Earlier we noted that primes must be $\pm 1$ modulo 6 and 4 or 7 modulo 9 or as you might’ve guessed, primes must fall into congruence classes that are coprime to the modulus at hand. Because if they weren’t, that’d imply the prime shares a divisor with the modulus, contradicting it being a prime in the first place. Dirichlet’s theorem takes this observation a further and proves that infinitely many primes fall into each of these congruence classes. Or in probability terms, the probability that a given prime, $p$, is congruent to some $a$ modulo $n$ where $a$ and $n$ are coprime is $\frac {1}{\varphi(d)}$, where $\varphi(d)$ is Euler’s totient function, which counts the positive integers up to $d$ that are relatively prime to it.
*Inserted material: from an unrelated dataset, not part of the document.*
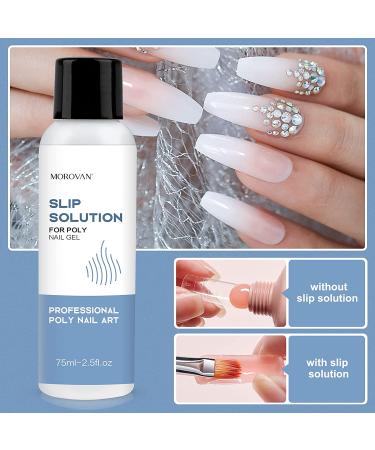 Morovan Slip Solution Poly Gel 2.5oz | Anti-Stick Gel Solution with Brush | Easy DIY Nail Extension Kit 109 Piece Set - Buy Online on GoSupps.com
Pairing this with the infinitude of primes implies that the primes are uniformly distributed across those congruence classes modulo $d$ (!).
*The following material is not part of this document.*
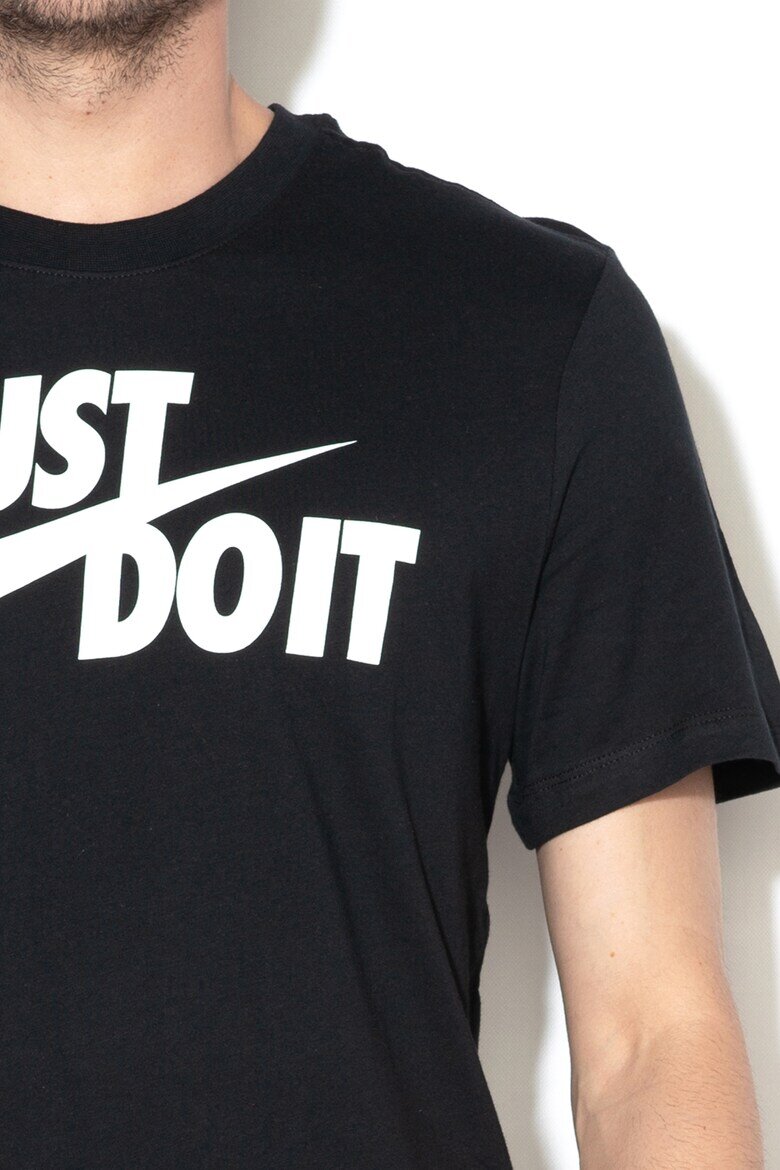 Nike Памучна тениска Swoosh с лого Бял/Черен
(…but really, go check out the timestamped 3Blue1Brown link above for a visual overview because text doesn’t quite do it justice.)
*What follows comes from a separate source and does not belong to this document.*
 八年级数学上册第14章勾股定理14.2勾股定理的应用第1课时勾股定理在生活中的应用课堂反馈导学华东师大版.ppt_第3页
I’ll pause here. Hopefully once I’ve learned enough complex analysis to understand the theorem’s proof, I’ll try to bring it down from orbit and into another post.

Until then.


Special thanks to Nate, Soroush, and Davide for workshopping an early version of BinaryInteger.isPrime. Also to Daniel for his work on Algorithms.Sequence.reductions(_:_:) and another round of thanks to Nate for .Collection.cycled(times:) and .Collection.permutations(ofCount:) in the same package.

Footnotes

  1. Turns out this question mirrors Project Euler #41, where the problem is phrased as “finding the largest pandigital prime.” 

  2. swift-algorithm’s Sequence.reductions(_:_:) carries the baton from an early revision of SE-0045 that included it under the scan naming, but was ultimately nixed because of low utility. 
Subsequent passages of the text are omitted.